[Directions for this task]:
With all pictures excluded, restate the records that follow exactly as written.

[Opening Raw data section]

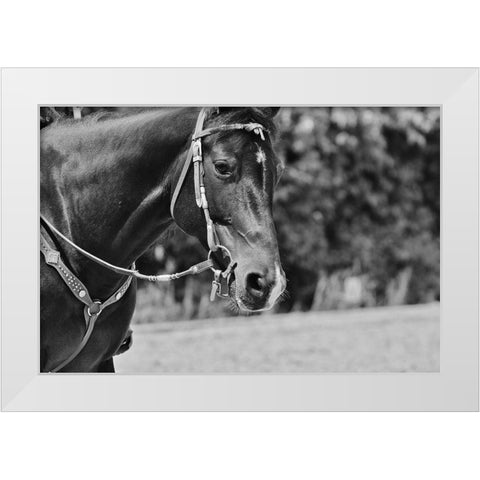 Horse in western bridle I White Modern Wood Framed Art Print by The Yellowstone Collection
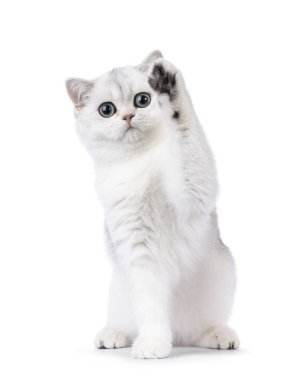 Gölgeli İngiliz Shorthair kedi yavrusu, bir pençesi havada sallanarak önde oturuyor. Kameraya doğru bakıyorum. Beyaz bir arkaplanda izole edilmiş.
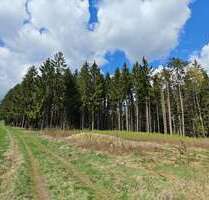 Grundstück in Helmbrechts 13.000,00 € 5350 m²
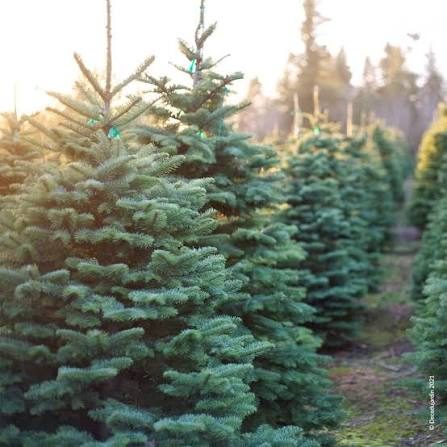 Rangées de sapins de Noël chez Entreprise Moutarde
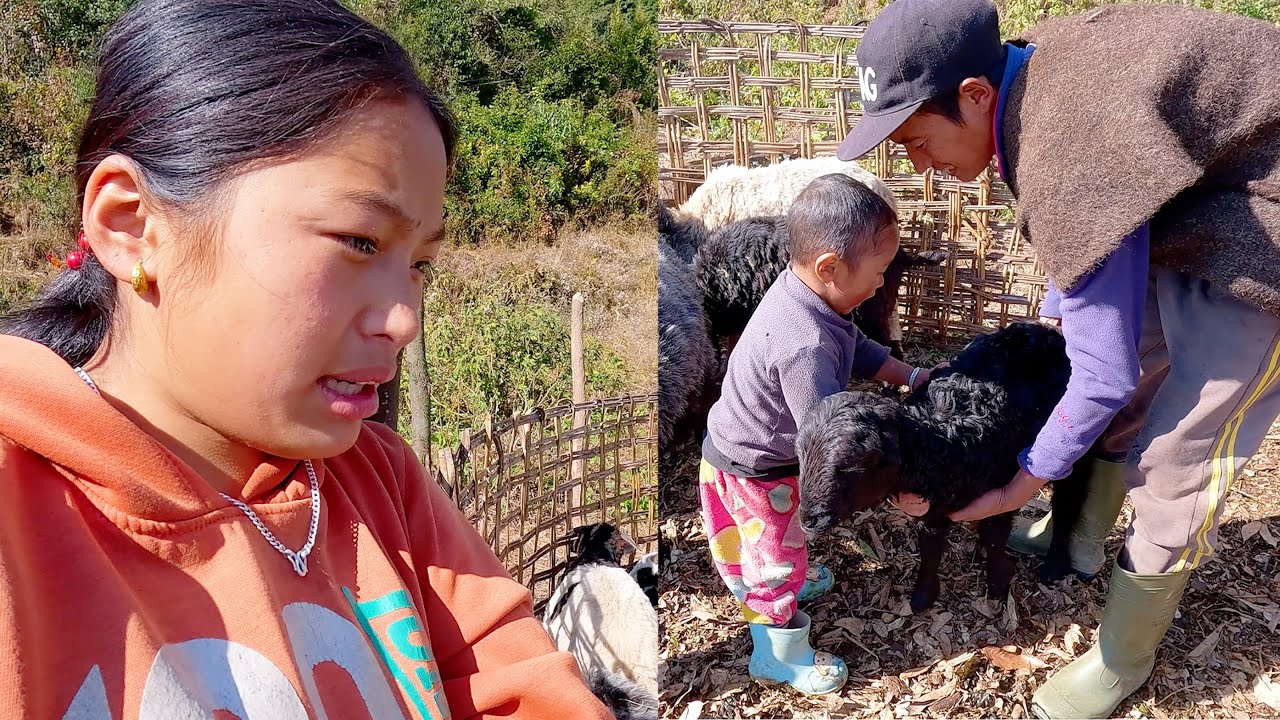 somuhang's family in the Himalayan territory || shepherd life of Nepal || Himalayan Nepal ||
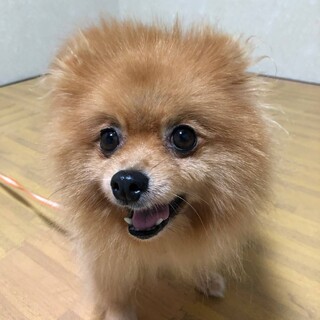 くりくりのお目目が魅力的　チェリーちゃん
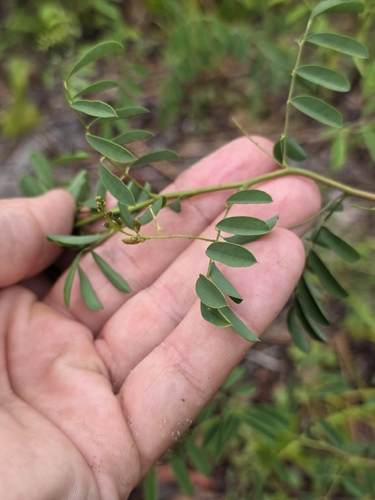 Indigofera caroliniana, photograph 3
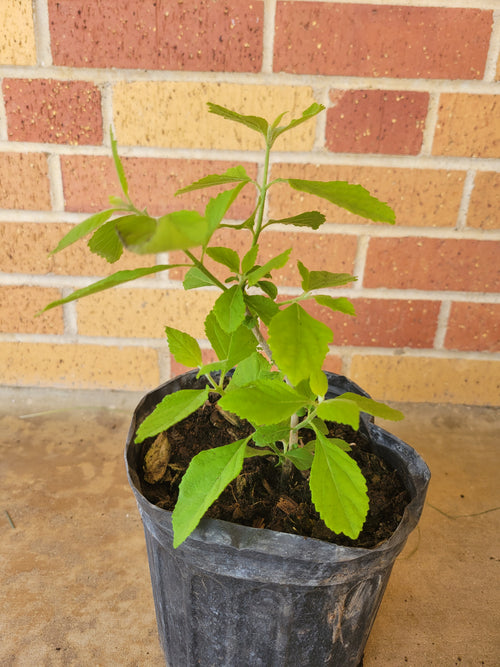 American Beautyberry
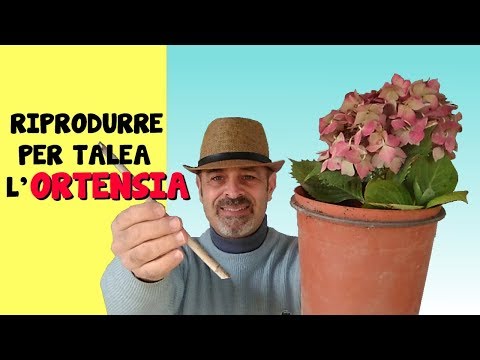 Video: Va propagazione di flox per talea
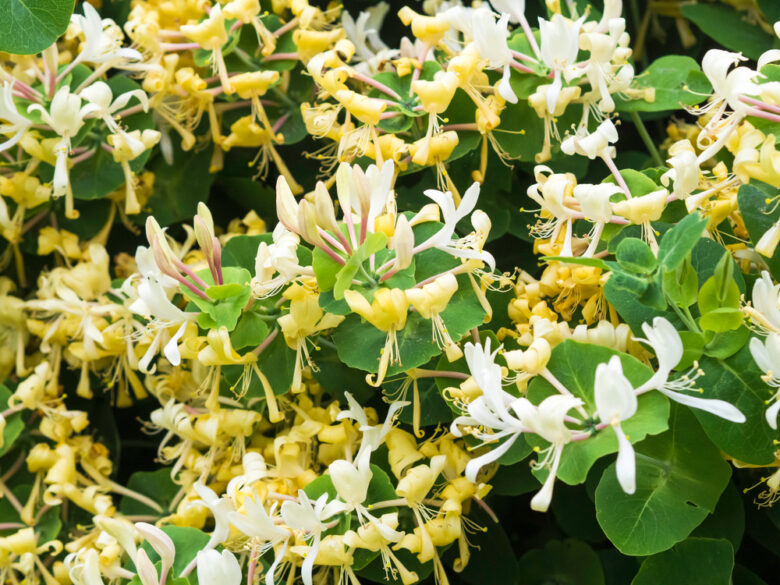 Perfoliate,Honeysuckle,,Lonicera,Caprifolium,,Scented,Deciduous,Climber,Looming,In,June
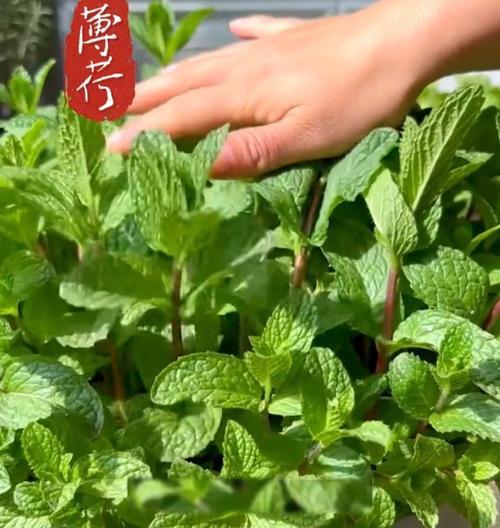 薄荷插枝养护与成活实践（实践证明）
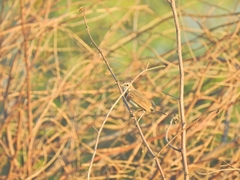 Luscinia svecica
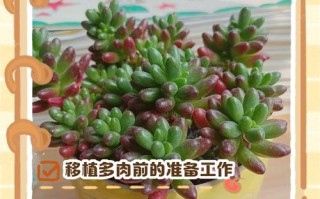 刚移植多肉，这几点要注意什么？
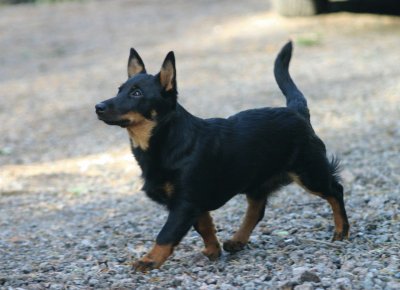 Pastore lancashire heeler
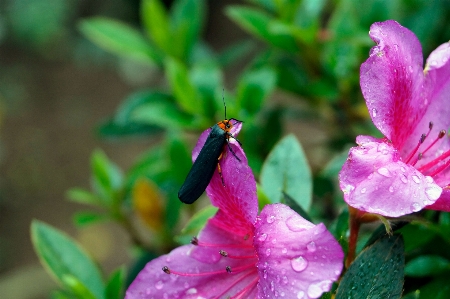 Firefly pink flower green Photo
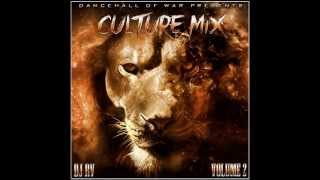 Reggae amp Culture Mix 2013 Chronixx Lutan Fyah IOctane amp More [upl. by Athalie]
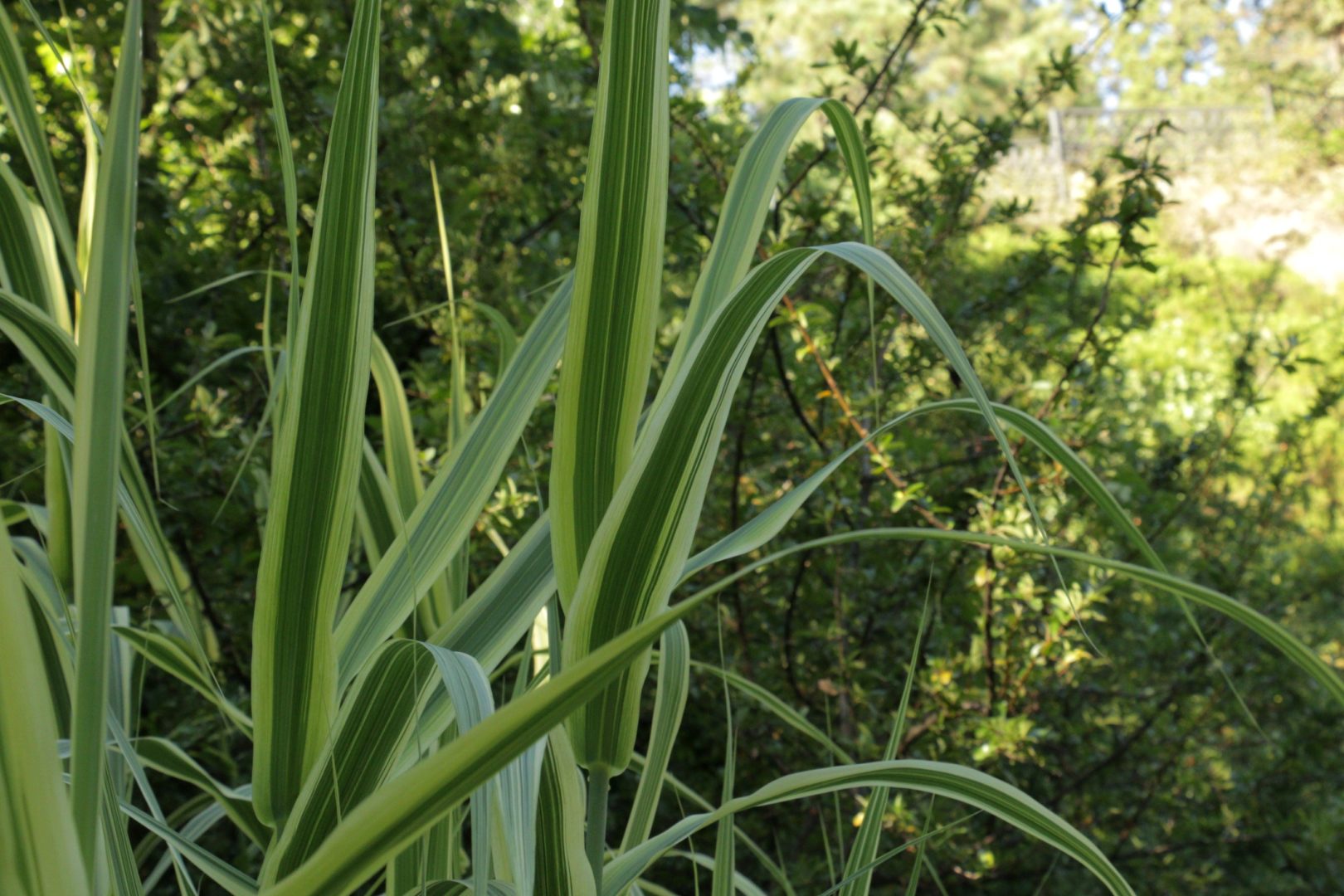 Высокая трава с полосатыми листьями - арундо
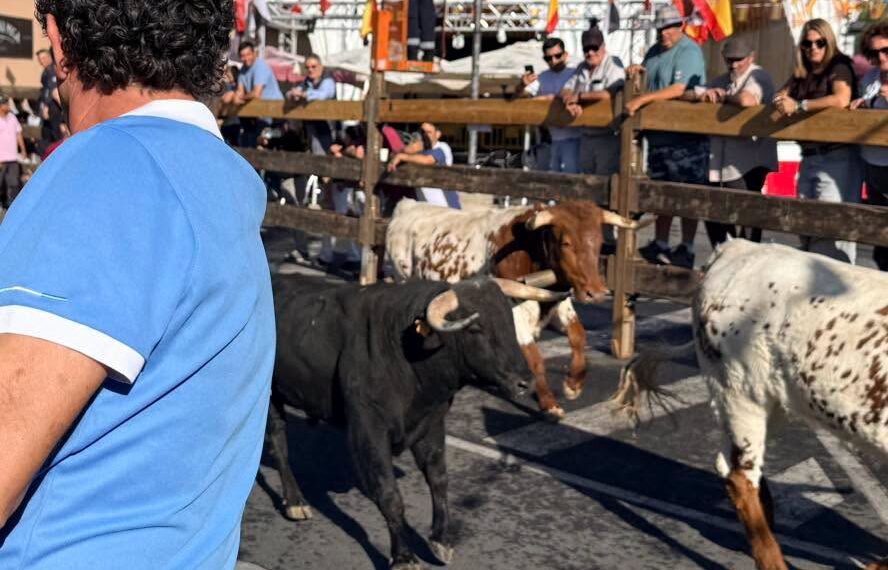 VÍDEO | Así ha sido el primer encierro de las fiestas de Moralzarzal (Madrid) con seis novillos y la posterior suelta de dos astados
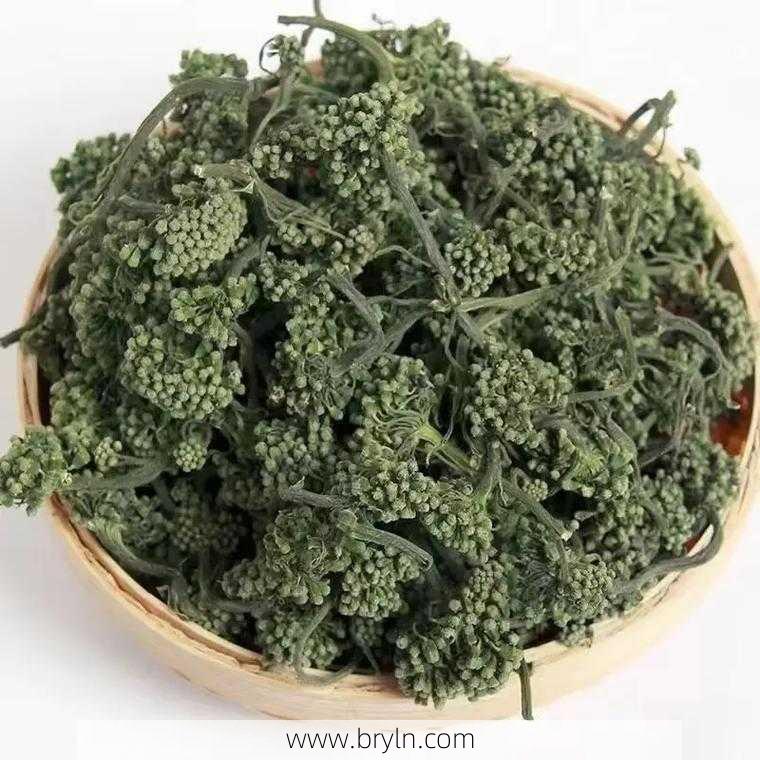 人参花的功效(人参花竟有如此神奇的功效!)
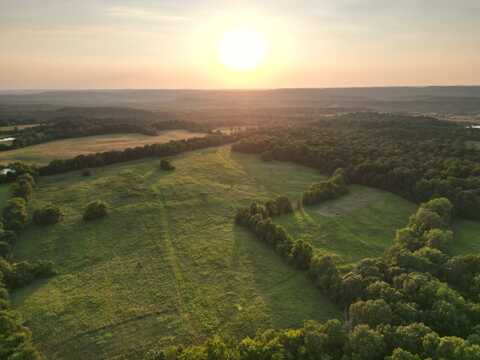 121 Coonhunters Rd, Golconda, IL 62938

[Closing Raw data section]

[Solution for this problem]:
 Horse in western bridle I White Modern Wood Framed Art Print by The Yellowstone Collection
 Gölgeli İngiliz Shorthair kedi yavrusu, bir pençesi havada sallanarak önde oturuyor. Kameraya doğru bakıyorum. Beyaz bir arkaplanda izole edilmiş.
 Grundstück in Helmbrechts 13.000,00 € 5350 m²
 Rangées de sapins de Noël chez Entreprise Moutarde
 somuhang's family in the Himalayan territory || shepherd life of Nepal || Himalayan Nepal ||
 くりくりのお目目が魅力的　チェリーちゃん
 Indigofera caroliniana, photograph 3
 American Beautyberry
 Video: Va propagazione di flox per talea
 Perfoliate,Honeysuckle,,Lonicera,Caprifolium,,Scented,Deciduous,Climber,Looming,In,June
 薄荷插枝养护与成活实践（实践证明）
 Luscinia svecica
 刚移植多肉，这几点要注意什么？
 Pastore lancashire heeler
 Firefly pink flower green Photo
 Reggae amp Culture Mix 2013 Chronixx Lutan Fyah IOctane amp More [upl. by Athalie]
 Высокая трава с полосатыми листьями - арундо
 VÍDEO | Así ha sido el primer encierro de las fiestas de Moralzarzal (Madrid) con seis novillos y la posterior suelta de dos astados
 人参花的功效(人参花竟有如此神奇的功效!)
 121 Coonhunters Rd, Golconda, IL 62938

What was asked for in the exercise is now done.